BEGIN STORED DATA
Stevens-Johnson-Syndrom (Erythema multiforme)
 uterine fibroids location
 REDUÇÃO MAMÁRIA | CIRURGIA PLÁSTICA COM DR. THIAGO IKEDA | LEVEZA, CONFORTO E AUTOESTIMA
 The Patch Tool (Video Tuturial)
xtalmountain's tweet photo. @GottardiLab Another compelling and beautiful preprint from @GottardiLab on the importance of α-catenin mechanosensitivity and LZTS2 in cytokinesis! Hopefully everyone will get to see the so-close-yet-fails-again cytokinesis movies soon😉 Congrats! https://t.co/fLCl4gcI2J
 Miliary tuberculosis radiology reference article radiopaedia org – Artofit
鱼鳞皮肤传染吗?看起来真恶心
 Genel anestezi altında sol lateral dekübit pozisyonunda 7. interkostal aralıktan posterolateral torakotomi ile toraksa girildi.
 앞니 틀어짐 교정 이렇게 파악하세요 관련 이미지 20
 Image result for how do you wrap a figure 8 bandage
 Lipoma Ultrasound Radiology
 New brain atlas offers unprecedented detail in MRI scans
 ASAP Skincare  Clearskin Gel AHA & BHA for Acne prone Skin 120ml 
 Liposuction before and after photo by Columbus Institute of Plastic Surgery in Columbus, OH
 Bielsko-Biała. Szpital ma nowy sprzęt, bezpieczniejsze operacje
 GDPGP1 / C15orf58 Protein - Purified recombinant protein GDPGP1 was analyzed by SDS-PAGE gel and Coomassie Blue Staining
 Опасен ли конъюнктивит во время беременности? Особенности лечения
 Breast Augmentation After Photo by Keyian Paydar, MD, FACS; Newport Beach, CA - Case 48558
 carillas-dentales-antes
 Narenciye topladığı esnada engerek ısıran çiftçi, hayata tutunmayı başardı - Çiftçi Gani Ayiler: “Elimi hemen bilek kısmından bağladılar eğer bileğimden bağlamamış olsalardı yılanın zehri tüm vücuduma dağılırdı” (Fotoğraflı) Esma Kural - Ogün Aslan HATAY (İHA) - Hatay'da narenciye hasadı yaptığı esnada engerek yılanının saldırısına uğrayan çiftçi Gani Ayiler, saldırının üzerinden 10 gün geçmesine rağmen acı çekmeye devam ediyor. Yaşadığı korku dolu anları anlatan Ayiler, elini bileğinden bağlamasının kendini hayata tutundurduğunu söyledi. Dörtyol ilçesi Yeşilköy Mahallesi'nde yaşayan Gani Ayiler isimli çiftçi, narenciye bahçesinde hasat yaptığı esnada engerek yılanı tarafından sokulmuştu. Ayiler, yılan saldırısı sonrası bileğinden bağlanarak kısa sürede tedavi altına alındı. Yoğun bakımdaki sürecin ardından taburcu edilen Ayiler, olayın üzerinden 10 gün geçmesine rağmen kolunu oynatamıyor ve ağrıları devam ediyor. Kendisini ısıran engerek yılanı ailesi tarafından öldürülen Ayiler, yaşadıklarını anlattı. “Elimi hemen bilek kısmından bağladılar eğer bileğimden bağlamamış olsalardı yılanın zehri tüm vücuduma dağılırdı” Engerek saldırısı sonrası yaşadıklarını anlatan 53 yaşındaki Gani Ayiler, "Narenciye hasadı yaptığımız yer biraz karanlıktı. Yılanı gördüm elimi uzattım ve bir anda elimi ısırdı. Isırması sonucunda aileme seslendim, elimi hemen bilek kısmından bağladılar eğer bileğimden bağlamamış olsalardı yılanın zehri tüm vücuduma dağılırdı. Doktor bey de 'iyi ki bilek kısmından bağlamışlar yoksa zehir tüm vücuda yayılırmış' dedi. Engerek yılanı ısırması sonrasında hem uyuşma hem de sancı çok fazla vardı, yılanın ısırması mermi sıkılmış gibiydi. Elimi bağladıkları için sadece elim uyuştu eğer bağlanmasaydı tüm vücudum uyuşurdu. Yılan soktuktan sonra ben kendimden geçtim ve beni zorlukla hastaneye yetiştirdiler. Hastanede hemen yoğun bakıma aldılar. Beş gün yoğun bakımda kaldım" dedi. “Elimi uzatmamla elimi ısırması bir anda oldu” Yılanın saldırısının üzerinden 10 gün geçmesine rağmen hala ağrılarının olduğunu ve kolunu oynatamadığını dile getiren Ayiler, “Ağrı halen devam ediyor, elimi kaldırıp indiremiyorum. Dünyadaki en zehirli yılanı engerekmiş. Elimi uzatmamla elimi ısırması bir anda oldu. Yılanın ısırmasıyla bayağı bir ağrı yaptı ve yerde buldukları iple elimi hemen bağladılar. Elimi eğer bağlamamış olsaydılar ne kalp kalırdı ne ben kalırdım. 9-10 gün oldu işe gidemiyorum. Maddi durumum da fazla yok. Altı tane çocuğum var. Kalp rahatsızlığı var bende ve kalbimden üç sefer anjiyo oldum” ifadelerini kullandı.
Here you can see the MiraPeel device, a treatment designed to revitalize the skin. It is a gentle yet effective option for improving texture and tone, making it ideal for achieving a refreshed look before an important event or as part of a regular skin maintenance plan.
END STORED DATA
WORK ORDER >>
Beginning with the line holding "GDPGP1 / C15orf58" and ending with the line holding "carillas-dentales-antes", write out the stretch of material above exactly; add no further lines.

RESULT FOR THIS EXERCISE >>
 GDPGP1 / C15orf58 Protein - Purified recombinant protein GDPGP1 was analyzed by SDS-PAGE gel and Coomassie Blue Staining
 Опасен ли конъюнктивит во время беременности? Особенности лечения
 Breast Augmentation After Photo by Keyian Paydar, MD, FACS; Newport Beach, CA - Case 48558
 carillas-dentales-antes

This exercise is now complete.